While cultural diversity in companies is enriching and expedites innovation, creativity and productivity, examples of cultural problems that might come up in the workplace should be averted to avoid conflict that may also end up damaging the very viability of the organization.
Thanks to the rapid advance of technology, nowadays many projects are made up of people from different areas of the world, making the challenge not so much to do the work itself, but knowing how to adapt to the cultural context of the company or country in which the project is taking place.
Each culture has its own ways of approaching work objectives, processes, decision-making and teamwork. Anticipating those unique ways is what will keep them from becoming cultural problems that may be hard to resolve.
Examples of cultural problems and differences
Cultural differences stem from a variety of sources:
Global companies tend to communicate in English. The meetings, the texts they write, the relationships between them in that language — in which not all employees are equally competent — can give rise to problems of interpretation and meaning.
Idiomatic phrases and expressions can cause confusion. Regional accents and dialects further complicate communication and can lead to misunderstandings.
Religion is intimately related to people’s own identity and influences the way they perceive what’s happening, how they interpret situations and how they react and act.
Members of a particular ethnic group made up of those who often belong to the same social group and share common characteristics, such as communication styles. In the same situation, some people may behave in a serious and distant manner, while others may be more empathetic and warmer.
Many countries already have specific legislation against discrimination on the basis of sexual orientation, but hostile attitudes towards some people, such as the LGBTQ community, continue to exist. It is another clear example of a cultural problem.
Education also affects the way in which people adapt to change, the way they act when faced with unforeseen events, how they relate to others and how they manage their emotions, all of which can cause conflicts due to different levels of education and experience in overcoming challenges.

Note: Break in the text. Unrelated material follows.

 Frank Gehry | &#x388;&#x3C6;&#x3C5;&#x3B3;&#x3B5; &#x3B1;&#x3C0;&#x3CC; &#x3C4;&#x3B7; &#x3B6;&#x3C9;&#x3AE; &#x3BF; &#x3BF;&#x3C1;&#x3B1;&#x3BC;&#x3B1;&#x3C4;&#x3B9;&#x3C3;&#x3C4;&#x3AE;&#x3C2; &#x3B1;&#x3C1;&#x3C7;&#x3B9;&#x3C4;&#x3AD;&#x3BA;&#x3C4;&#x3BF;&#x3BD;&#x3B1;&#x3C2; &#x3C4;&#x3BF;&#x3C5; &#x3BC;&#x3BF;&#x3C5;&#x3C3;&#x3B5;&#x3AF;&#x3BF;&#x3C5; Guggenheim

Age clearly also makes a cultural difference. Depending on their generation, people may have different views, expectations and levels of commitment in the development of the projects they participate in.

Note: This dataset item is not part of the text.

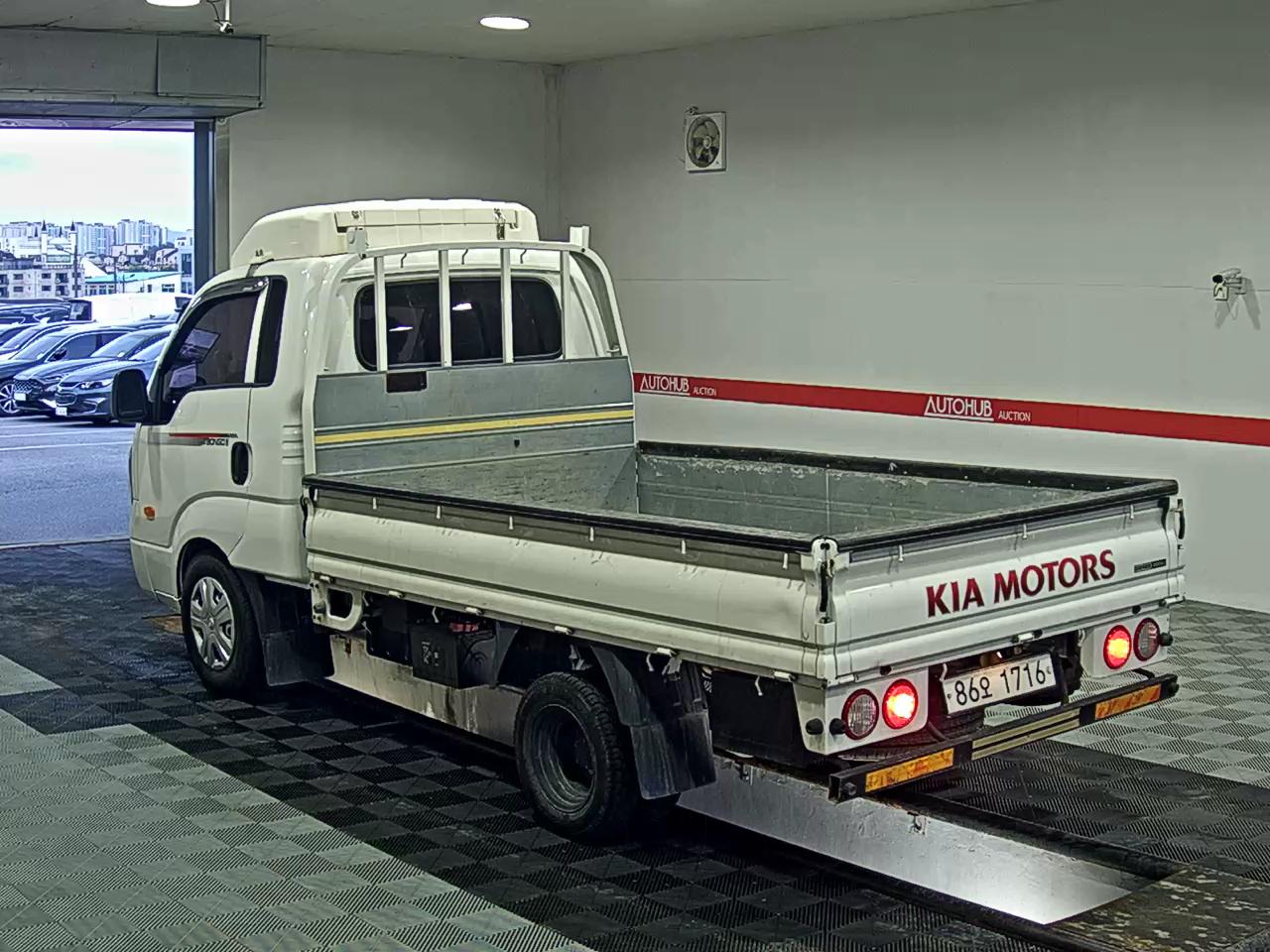 2021 - kia bongo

Most millennials are passionate about challenges and new opportunities for growth and expansion. Older generations on the other hand tend to be more predictable, stable and loyal to the company.
The 3 most common examples of cultural problems
- In the US, for example, the economy is fast-moving. People and companies focus on short-term goals and results, competitiveness and talent retention. As a result, companies are extremely international and offer great opportunities for workers.
- In Germany, on the other hand, they are focused on process, systematization and standardization. They are more rigid, more focused on quality and product than on the customer.
- In China, they value long-term partnerships more highly and their language, habits and ways of doing things are a challenge for the Western world.
How can we prevent cultural problems?
- Offering language training to enable all employees to correctly do their job and interact with others.
- Raising awareness about world religions, to promote understanding and a sense of togetherness, preventing friction between people who do not understand each other’s spiritual beliefs or customs.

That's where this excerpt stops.